— Exercise description —
Please reproduce all entries word for word and omit their pictures.

(Image-text web data)
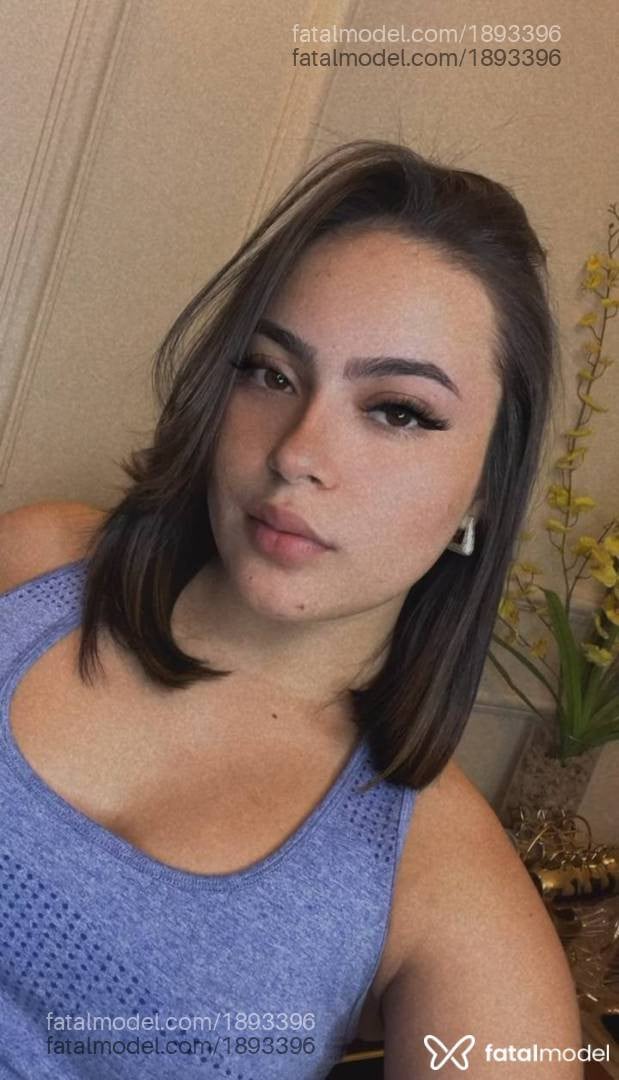 Acompanhante mulher com cabelo castanho de olhos mel em Teixeira de Freitas - Carla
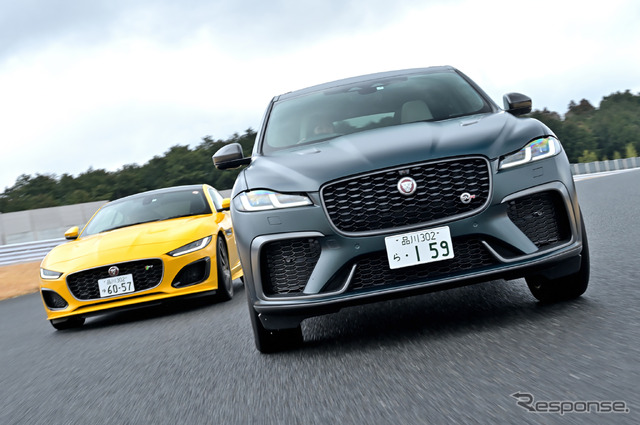 ジャガー F-PACE SVR(右)とF-TYPE R(左)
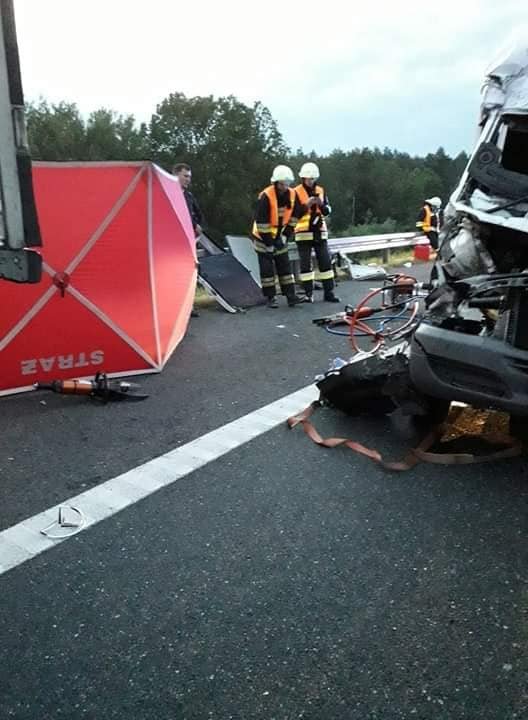 Жахлива аварія з українцями в Польщі: загинула 16-річна дівчина, троє – у лікарні. ФОТО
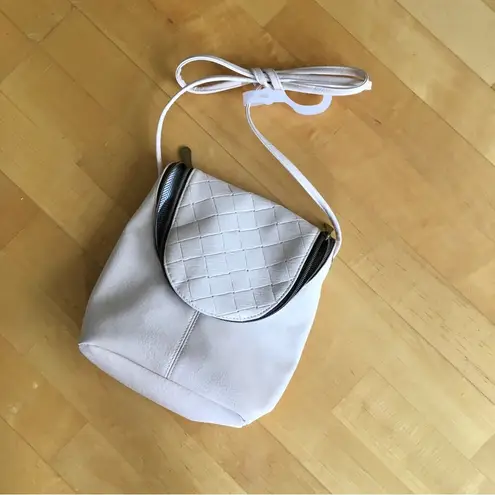 NWOT Quilt Design Crossbody Bag, Cream with Black, White Abstract Print Interior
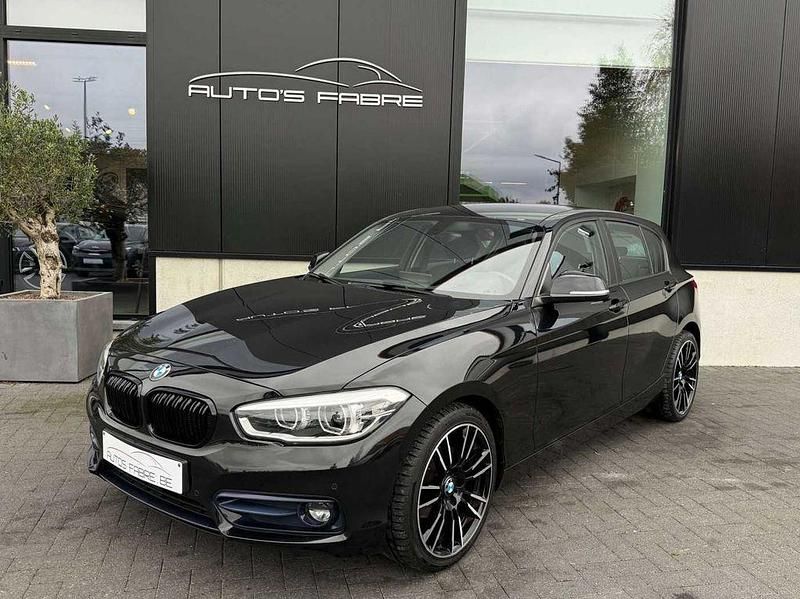 Schwarz Gebraucht 2019 BMW 118 Sport Line Kleinwagen | 16.999 € (Fairer Preis) - Bild 1/4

— Output of the exercise —
 Acompanhante mulher com cabelo castanho de olhos mel em Teixeira de Freitas - Carla
 ジャガー F-PACE SVR(右)とF-TYPE R(左)
 Жахлива аварія з українцями в Польщі: загинула 16-річна дівчина, троє – у лікарні. ФОТО
 NWOT Quilt Design Crossbody Bag, Cream with Black, White Abstract Print Interior
 Schwarz Gebraucht 2019 BMW 118 Sport Line Kleinwagen | 16.999 € (Fairer Preis) - Bild 1/4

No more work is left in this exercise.